Die Priorisierung des Zivilschutzes wirft Fragen auf: Meint man mit »Infrastruktur« und »Ausstattung« etwa auch die Einrichtung von Bunkern oder kriegstüchtige Straßen? Undenkbar ist es nicht, denn Der Spiegel berichtete bereits im Vorjahr über den Bunker-Plan der Bundesregierung: »Angesichts der sich verschärfenden internationalen Bedrohungslage wollen das Bundesamt für Bevölkerungsschutz und Katastrophenhilfe (BBK) und die Innenministerien wieder mehr Bunkerräume in Deutschland einrichten«, hieß es dort. Der Plan sollte aus dem 2023 entwickelten Gesamtszenario zur Umsetzung der Konzeption Zivile Verteidigung der IMK resultieren.

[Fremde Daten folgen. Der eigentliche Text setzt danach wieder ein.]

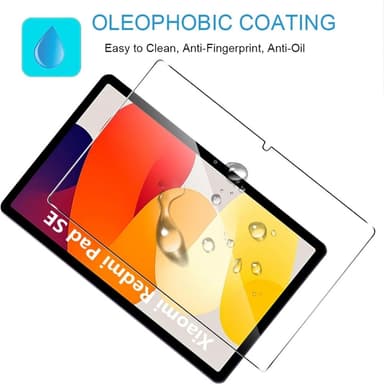 2stk herdet glass til Xiaomi Redmi Pad SE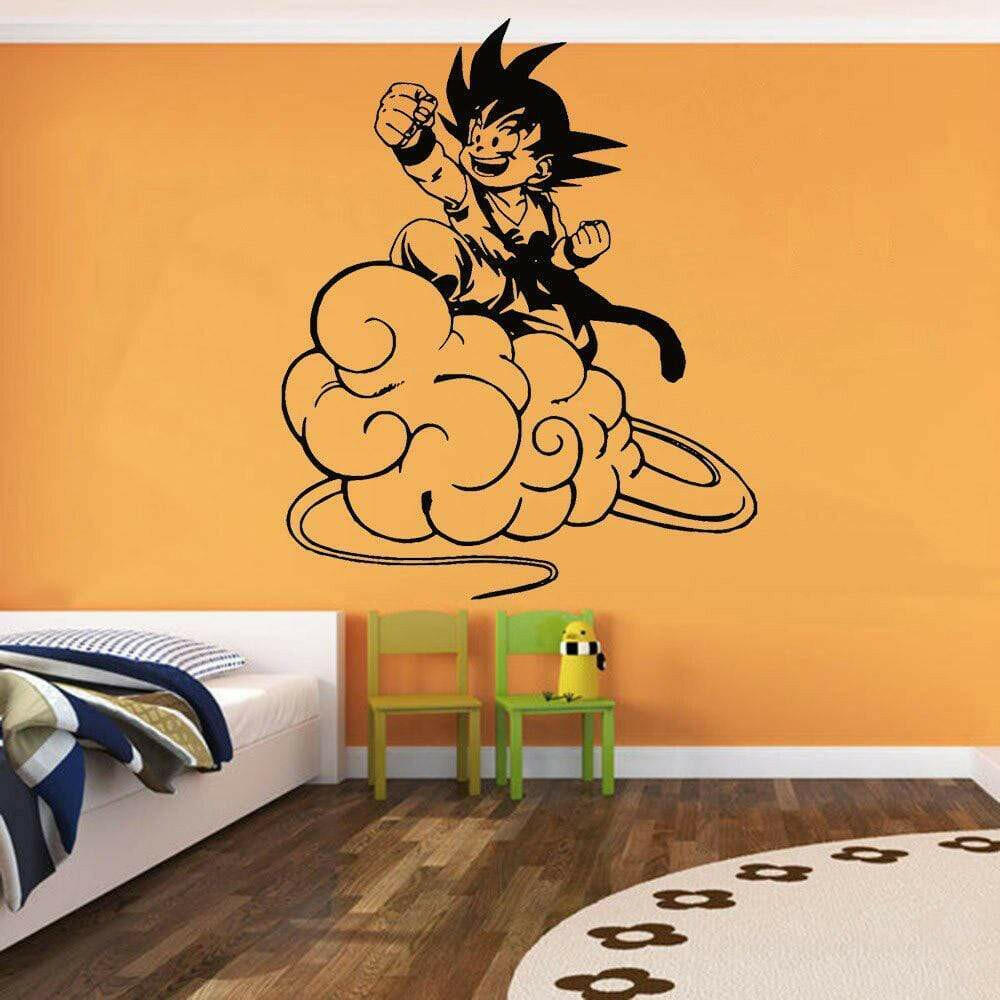 Sticker Mural Dragon Ball - Goku Kitun .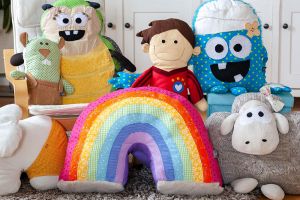 Die kuscheligsten Schnittmuster für Kuscheltiere, Decken und Pullover
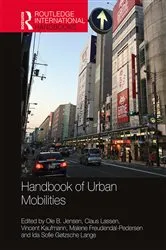 Book cover of Handbook of Urban Mobilities by Ole B. Jensen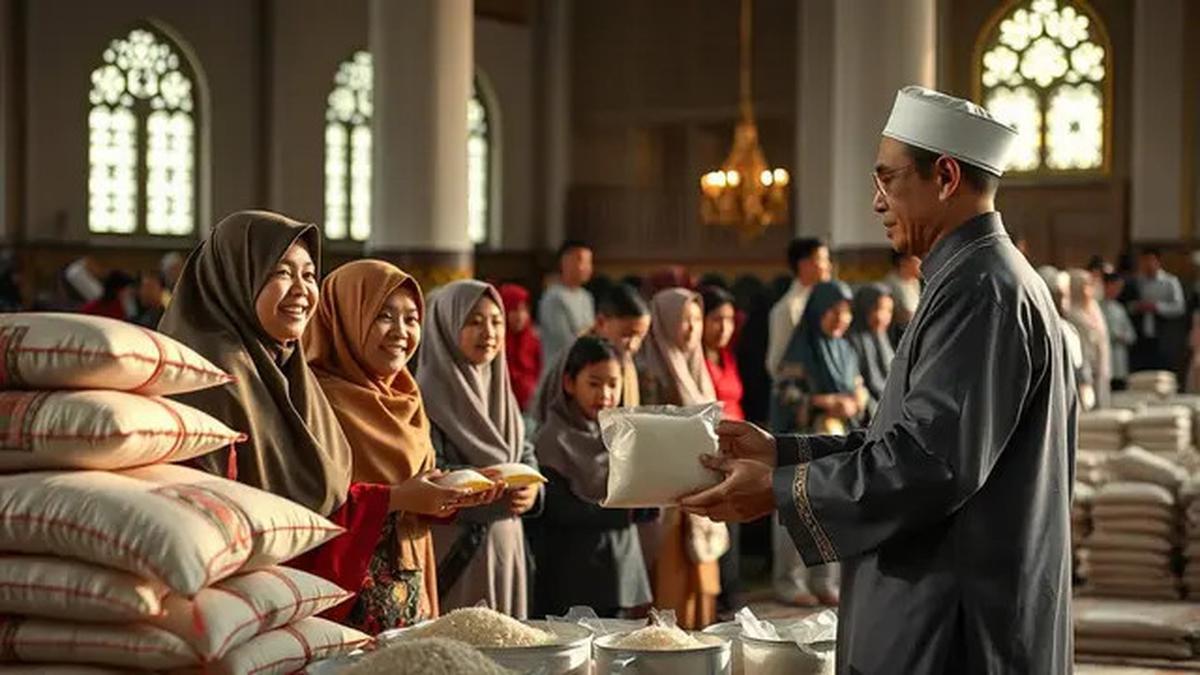 Doa Niat Fitrah untuk Diri Sendiri, Keluarga dan Wakil: Ketahui Manfaatnya
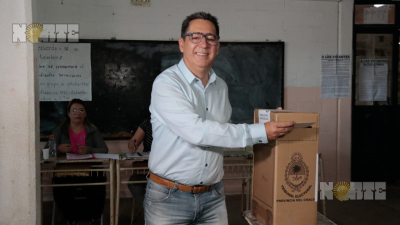 Gustavo Martínez anticipó sorpresas y espera estar en la segunda vuelta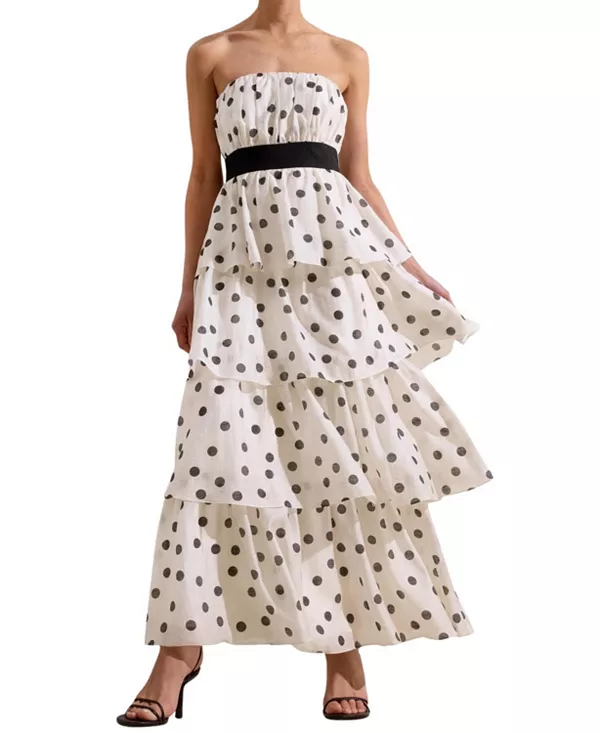 Платье Клаудии с многоярусным принтом Ro&Zo, мультиколор
Платье Клаудии с многоярусным принтом Ro&Zo, мультиколор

»Das Narrativ in Deutschland hat sich gewandelt.«

Für das französische Handbuch sollte übrigens nicht der deutsche Ratgeber für Notfallvorsorge, sondern ein das schwedische Om krisen eller kriget kommer das Vorbild sein. Das Büchlein gibt es dort bereits seit 1943 – mit einer Unterbrechung zwischen 1991 und 2018. Im Jahr 2016 versicherte Innenminister de Maizière, dass die deutsche Konzeption »keine Reaktion auf eine aktuelle terroristische Bedrohungslage« sei. Auch die französische Regierung betont, dass ihr Handbuch nicht direkt als Reaktion auf Russlands Angriff auf die Ukraine entstanden sei. Doch das Narrativ in Deutschland hat sich gewandelt. »Wir sorgen für einen modernen Bevölkerungsschutz, der […] neue geopolitische Spannungen berücksichtigt«, heißt es im SPD-Programm, »Wir schützen unsere kritische Infrastruktur, stärken die Cybersicherheit und verteidigen unser Land vor hybrider Kriegsführung und Sabotage durch feindliche Akteure.« Das französische Handbuch soll die Bevölkerung »auf alle Eventualitäten« vorbereiten – nicht nur, aber auch mit Paracetamol, Verbandsmaterial und Kochsalzlösung in jedem Badezimmer.